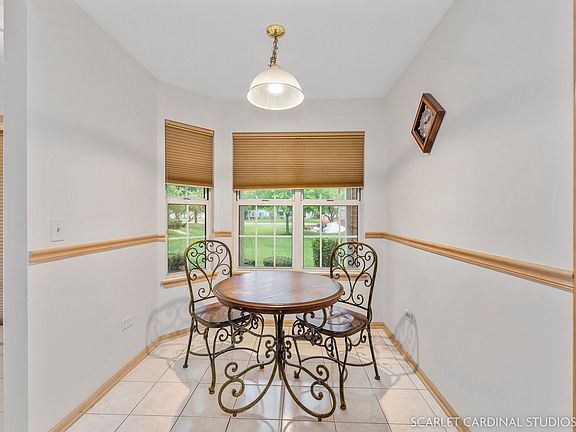 5th image of 379 Aberdeen Ct Unit 4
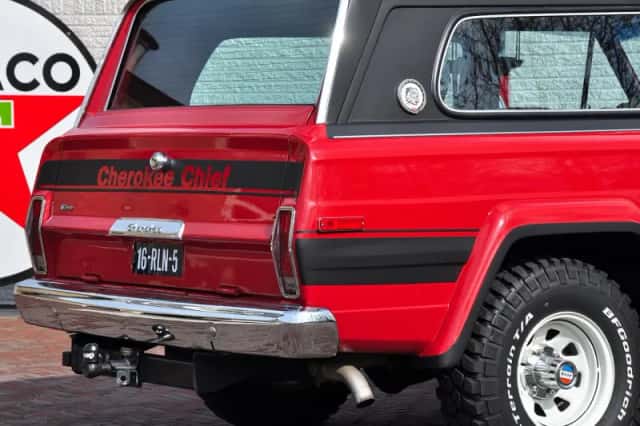 Jeep Cherokee (1980) thumbnail 22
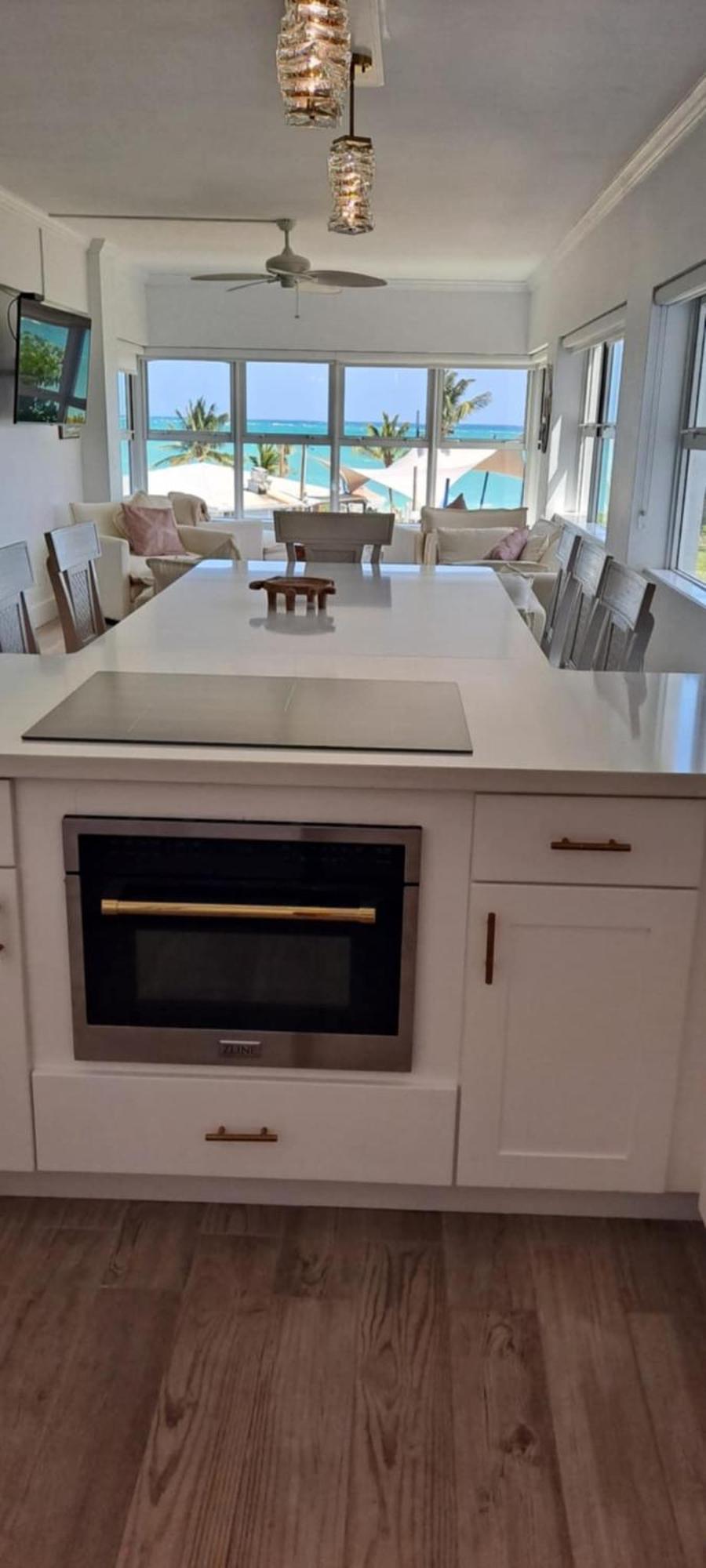 Newly Remodeled Luxury Beachfront 2-bedroom * Freeport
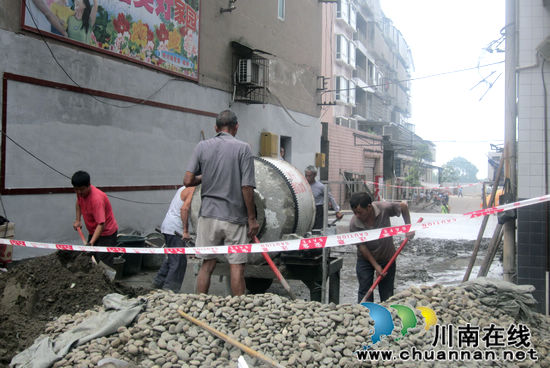 特興鎮(zhèn)：突擊治理 讓背街小巷整潔亮麗更宜居(圖1)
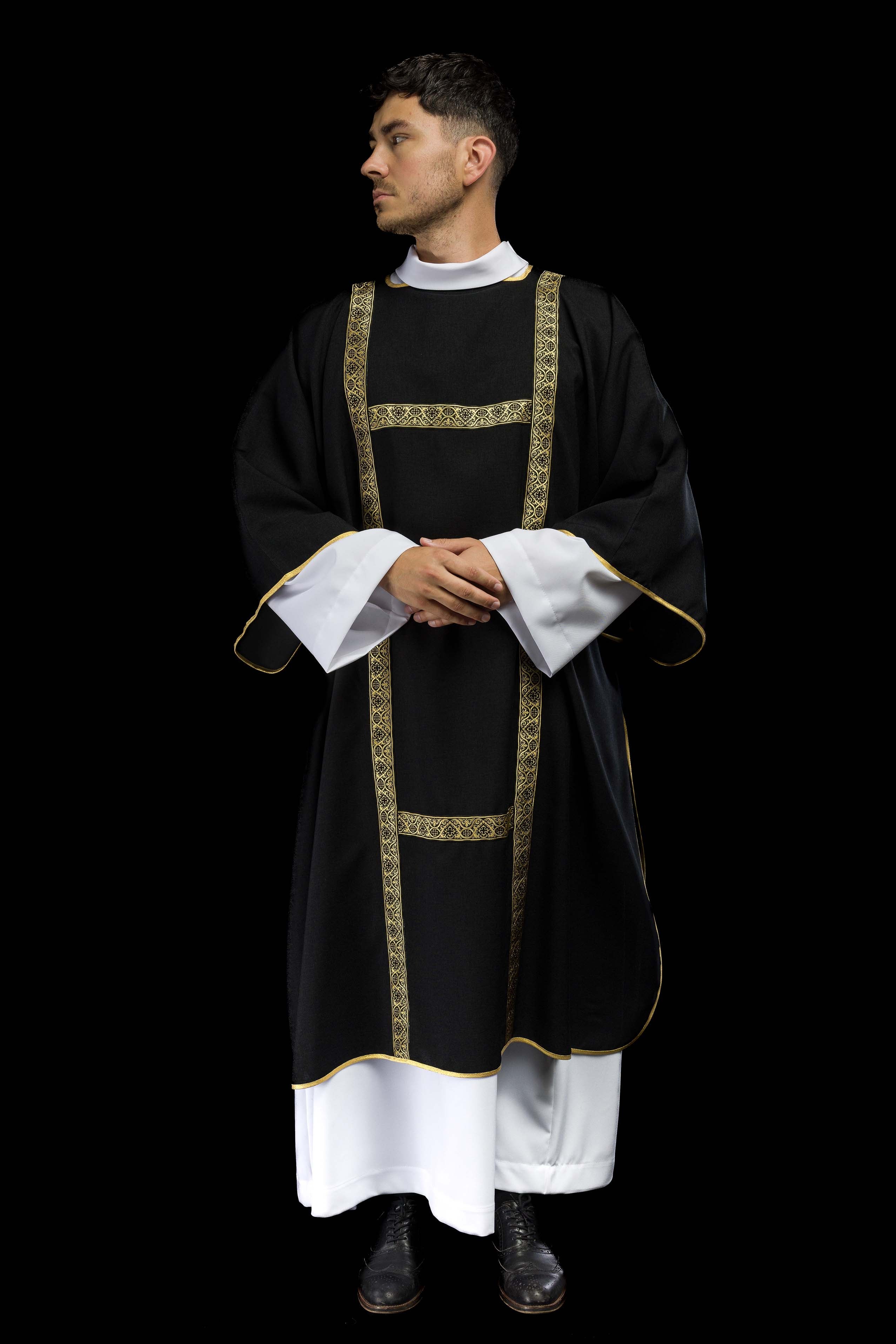 Dalmática preta decorada com fitas jacquard douradas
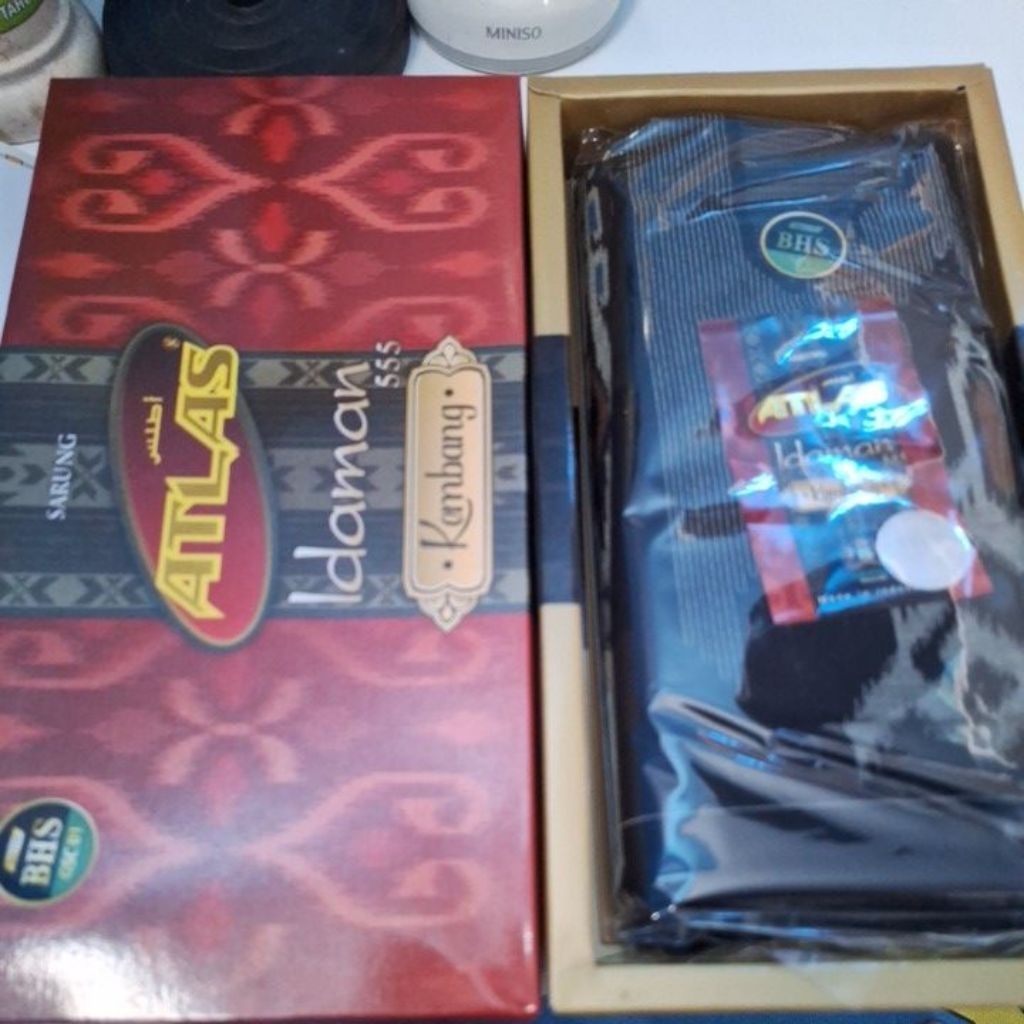 sarung atlas idaman 555 kembang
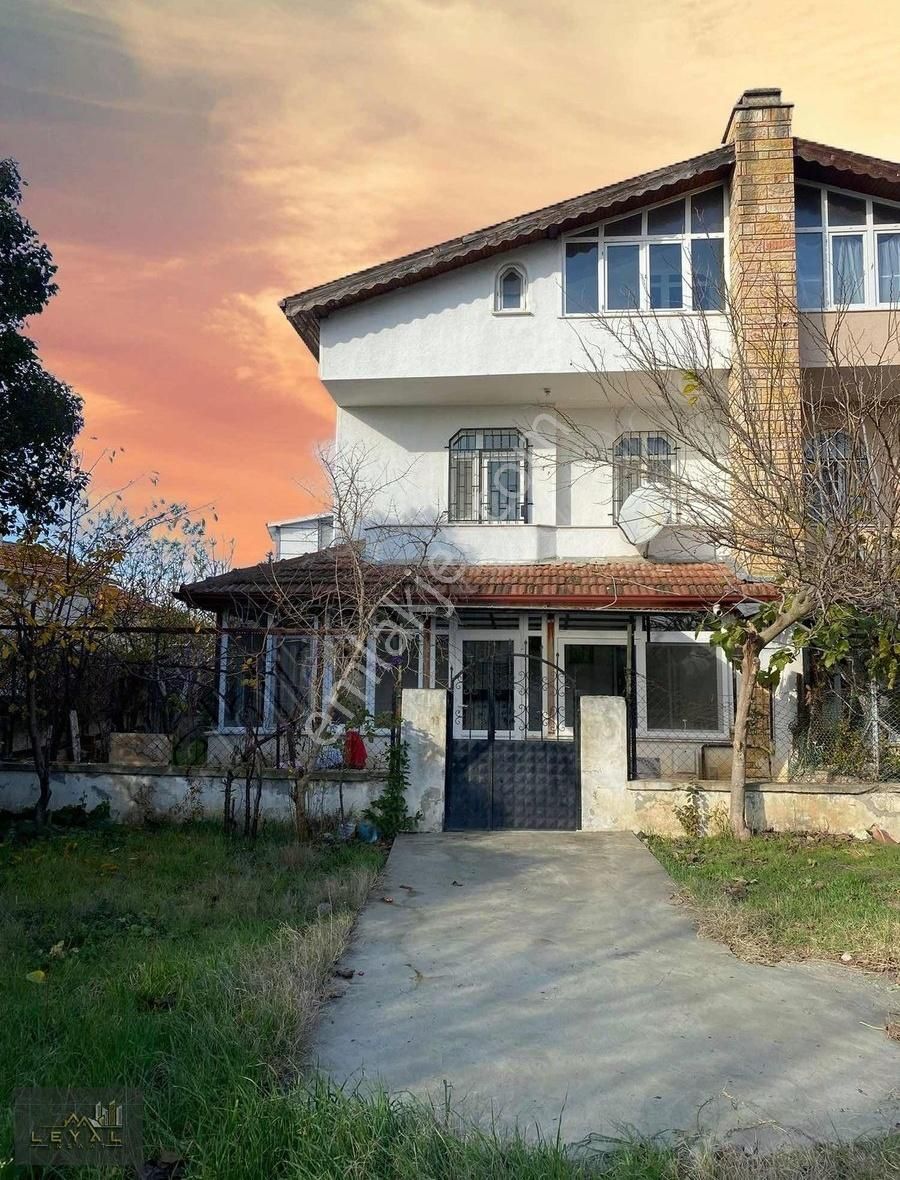 Marmaraereğlisi Yeniçiftlik Satılık Villa ꧁leyalgrup'dan Bu Fiyata Yok! Arsa Fiyatına Bahçeli Yazlıkmı?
____
Work order
Nothing but the lines from the line containing "Newly Remodeled Luxury" through the end of the data, both ends included, is to be reproduced, exactly as written and without the pictures.

Answer to the problem
 Newly Remodeled Luxury Beachfront 2-bedroom * Freeport
 特興鎮(zhèn)：突擊治理 讓背街小巷整潔亮麗更宜居(圖1)
 Dalmática preta decorada com fitas jacquard douradas
 sarung atlas idaman 555 kembang
 Marmaraereğlisi Yeniçiftlik Satılık Villa ꧁leyalgrup'dan Bu Fiyata Yok! Arsa Fiyatına Bahçeli Yazlıkmı?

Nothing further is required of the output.